Problem requirements -
Below are the entries; give again exactly the lines from the one mentioning "Marvarit Suites" through the one mentioning "लालू प्रसाद यादव", inclusive.

Material provided -
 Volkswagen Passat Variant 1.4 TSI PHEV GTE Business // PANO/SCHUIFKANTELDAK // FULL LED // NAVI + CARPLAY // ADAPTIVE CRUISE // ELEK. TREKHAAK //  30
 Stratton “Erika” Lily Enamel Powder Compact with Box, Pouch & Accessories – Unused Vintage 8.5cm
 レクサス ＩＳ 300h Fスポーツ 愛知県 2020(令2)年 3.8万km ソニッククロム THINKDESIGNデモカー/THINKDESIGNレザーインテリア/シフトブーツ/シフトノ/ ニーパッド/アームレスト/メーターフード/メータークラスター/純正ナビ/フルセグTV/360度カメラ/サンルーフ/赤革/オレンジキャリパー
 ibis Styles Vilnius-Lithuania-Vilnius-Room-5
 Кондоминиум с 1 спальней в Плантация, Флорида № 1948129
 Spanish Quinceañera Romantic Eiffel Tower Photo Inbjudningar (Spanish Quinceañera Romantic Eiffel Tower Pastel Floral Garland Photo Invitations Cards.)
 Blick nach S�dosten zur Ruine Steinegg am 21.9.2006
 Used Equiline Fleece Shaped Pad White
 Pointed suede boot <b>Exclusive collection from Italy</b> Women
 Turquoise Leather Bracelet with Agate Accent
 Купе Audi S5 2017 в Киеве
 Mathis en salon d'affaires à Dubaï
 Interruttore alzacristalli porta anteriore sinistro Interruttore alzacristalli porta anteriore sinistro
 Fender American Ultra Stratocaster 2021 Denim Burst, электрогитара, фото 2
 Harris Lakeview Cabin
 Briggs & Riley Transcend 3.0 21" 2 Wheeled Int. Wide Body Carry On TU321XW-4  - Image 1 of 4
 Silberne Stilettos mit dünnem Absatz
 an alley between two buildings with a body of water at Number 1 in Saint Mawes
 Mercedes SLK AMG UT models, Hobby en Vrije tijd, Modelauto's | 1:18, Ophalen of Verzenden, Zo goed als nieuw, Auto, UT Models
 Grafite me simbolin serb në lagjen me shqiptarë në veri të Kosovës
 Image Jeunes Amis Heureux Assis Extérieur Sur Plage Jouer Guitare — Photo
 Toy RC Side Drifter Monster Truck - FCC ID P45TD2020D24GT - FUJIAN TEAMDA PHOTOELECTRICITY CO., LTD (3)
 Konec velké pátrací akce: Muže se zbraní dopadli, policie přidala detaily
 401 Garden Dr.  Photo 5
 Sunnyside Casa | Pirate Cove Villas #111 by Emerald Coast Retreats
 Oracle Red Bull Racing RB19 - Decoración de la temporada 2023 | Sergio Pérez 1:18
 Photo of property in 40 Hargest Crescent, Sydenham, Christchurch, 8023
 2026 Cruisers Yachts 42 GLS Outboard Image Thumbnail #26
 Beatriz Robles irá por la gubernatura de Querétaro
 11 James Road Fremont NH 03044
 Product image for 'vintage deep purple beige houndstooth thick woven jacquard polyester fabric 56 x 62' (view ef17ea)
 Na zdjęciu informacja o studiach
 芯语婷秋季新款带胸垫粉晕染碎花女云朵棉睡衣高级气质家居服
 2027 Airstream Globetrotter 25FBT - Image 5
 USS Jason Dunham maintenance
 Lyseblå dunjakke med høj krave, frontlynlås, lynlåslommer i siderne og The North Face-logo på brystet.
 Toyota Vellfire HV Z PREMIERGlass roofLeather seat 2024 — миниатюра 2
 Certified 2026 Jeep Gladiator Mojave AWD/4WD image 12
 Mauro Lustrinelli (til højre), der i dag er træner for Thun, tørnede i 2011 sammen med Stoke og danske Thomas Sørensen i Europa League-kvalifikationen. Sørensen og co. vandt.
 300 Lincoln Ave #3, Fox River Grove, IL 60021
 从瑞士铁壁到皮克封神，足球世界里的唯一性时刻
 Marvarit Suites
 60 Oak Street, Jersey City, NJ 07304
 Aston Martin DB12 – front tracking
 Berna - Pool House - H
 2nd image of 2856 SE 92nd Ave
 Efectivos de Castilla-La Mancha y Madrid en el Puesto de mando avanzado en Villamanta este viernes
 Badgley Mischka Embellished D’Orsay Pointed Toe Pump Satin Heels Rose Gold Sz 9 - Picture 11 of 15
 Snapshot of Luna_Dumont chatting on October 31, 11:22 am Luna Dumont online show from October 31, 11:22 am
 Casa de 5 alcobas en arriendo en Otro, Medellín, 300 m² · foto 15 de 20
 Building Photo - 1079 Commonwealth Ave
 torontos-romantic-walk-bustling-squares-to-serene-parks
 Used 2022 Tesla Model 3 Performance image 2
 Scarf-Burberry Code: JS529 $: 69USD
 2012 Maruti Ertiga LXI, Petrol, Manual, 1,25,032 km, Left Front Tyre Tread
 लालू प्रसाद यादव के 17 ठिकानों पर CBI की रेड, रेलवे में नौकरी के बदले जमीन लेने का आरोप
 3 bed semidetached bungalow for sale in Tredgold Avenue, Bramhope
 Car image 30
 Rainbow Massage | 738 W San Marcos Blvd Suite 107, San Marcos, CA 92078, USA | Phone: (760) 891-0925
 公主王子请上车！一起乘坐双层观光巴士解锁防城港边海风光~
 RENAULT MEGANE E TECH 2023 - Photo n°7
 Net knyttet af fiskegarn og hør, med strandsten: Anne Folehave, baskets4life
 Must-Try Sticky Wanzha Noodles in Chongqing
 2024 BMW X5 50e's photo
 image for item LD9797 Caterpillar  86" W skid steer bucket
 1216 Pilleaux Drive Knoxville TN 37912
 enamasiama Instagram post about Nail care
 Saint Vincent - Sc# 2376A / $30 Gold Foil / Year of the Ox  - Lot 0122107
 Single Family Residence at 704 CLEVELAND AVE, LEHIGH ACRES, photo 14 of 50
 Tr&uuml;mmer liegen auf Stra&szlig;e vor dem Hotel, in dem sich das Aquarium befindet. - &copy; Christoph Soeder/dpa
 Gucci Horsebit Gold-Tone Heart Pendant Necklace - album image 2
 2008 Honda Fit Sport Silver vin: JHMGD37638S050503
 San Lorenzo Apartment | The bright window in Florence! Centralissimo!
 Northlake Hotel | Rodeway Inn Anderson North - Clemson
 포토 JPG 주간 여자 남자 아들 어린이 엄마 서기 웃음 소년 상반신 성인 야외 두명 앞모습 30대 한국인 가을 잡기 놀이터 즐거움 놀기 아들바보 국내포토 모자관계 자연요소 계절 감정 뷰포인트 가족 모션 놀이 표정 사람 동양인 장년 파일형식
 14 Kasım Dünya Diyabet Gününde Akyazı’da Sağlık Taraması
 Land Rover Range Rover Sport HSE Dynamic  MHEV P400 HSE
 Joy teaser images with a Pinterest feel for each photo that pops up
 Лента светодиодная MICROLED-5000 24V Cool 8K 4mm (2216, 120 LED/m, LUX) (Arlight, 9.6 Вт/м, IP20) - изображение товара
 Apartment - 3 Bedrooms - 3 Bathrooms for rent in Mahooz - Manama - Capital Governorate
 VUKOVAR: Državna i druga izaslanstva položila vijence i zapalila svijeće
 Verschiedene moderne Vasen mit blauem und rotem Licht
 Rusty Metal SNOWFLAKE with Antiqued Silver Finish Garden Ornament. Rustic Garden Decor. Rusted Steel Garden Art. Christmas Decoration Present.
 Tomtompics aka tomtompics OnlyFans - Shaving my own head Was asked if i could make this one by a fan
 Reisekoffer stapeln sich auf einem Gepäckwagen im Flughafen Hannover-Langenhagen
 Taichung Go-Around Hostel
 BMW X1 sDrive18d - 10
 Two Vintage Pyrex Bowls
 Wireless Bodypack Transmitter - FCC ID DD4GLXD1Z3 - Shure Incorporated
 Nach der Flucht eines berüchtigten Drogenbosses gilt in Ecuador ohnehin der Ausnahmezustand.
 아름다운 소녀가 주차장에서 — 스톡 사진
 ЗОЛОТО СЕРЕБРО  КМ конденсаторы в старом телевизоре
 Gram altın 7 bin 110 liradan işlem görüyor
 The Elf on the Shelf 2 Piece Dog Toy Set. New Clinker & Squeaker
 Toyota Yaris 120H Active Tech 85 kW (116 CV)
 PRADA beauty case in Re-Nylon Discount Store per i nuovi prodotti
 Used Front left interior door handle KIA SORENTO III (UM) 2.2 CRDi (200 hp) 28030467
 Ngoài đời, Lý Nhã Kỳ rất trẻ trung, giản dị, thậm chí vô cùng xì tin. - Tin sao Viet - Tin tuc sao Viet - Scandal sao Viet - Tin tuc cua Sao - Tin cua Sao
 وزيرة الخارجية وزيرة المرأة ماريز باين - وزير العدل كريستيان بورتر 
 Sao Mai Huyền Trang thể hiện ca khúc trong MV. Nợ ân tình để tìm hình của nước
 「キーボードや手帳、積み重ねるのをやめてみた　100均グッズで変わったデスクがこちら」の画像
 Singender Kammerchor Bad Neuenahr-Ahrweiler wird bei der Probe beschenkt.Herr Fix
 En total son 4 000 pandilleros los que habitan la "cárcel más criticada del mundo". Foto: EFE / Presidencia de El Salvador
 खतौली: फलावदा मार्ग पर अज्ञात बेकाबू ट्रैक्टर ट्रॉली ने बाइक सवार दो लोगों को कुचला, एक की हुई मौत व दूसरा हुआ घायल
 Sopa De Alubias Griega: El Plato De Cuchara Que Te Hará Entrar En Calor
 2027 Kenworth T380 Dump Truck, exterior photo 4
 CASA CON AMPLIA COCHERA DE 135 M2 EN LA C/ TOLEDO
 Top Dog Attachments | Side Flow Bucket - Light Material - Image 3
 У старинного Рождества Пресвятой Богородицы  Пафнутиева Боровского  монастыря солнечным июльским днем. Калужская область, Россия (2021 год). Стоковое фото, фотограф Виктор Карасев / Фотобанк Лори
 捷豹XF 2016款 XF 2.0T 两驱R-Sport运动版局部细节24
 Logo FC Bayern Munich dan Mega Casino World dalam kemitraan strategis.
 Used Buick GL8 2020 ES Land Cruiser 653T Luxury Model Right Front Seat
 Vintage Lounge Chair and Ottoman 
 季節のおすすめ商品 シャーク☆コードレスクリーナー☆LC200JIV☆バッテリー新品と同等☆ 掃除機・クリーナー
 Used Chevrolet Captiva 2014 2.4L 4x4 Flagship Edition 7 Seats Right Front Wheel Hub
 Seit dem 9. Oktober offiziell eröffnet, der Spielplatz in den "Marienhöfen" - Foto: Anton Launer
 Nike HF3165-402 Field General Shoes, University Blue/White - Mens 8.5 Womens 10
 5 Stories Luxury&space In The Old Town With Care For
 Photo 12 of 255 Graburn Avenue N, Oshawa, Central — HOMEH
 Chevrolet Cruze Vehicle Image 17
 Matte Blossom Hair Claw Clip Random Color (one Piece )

Answer section -
 Marvarit Suites
 60 Oak Street, Jersey City, NJ 07304
 Aston Martin DB12 – front tracking
 Berna - Pool House - H
 2nd image of 2856 SE 92nd Ave
 Efectivos de Castilla-La Mancha y Madrid en el Puesto de mando avanzado en Villamanta este viernes
 Badgley Mischka Embellished D’Orsay Pointed Toe Pump Satin Heels Rose Gold Sz 9 - Picture 11 of 15
 Snapshot of Luna_Dumont chatting on October 31, 11:22 am Luna Dumont online show from October 31, 11:22 am
 Casa de 5 alcobas en arriendo en Otro, Medellín, 300 m² · foto 15 de 20
 Building Photo - 1079 Commonwealth Ave
 torontos-romantic-walk-bustling-squares-to-serene-parks
 Used 2022 Tesla Model 3 Performance image 2
 Scarf-Burberry Code: JS529 $: 69USD
 2012 Maruti Ertiga LXI, Petrol, Manual, 1,25,032 km, Left Front Tyre Tread
 लालू प्रसाद यादव के 17 ठिकानों पर CBI की रेड, रेलवे में नौकरी के बदले जमीन लेने का आरोप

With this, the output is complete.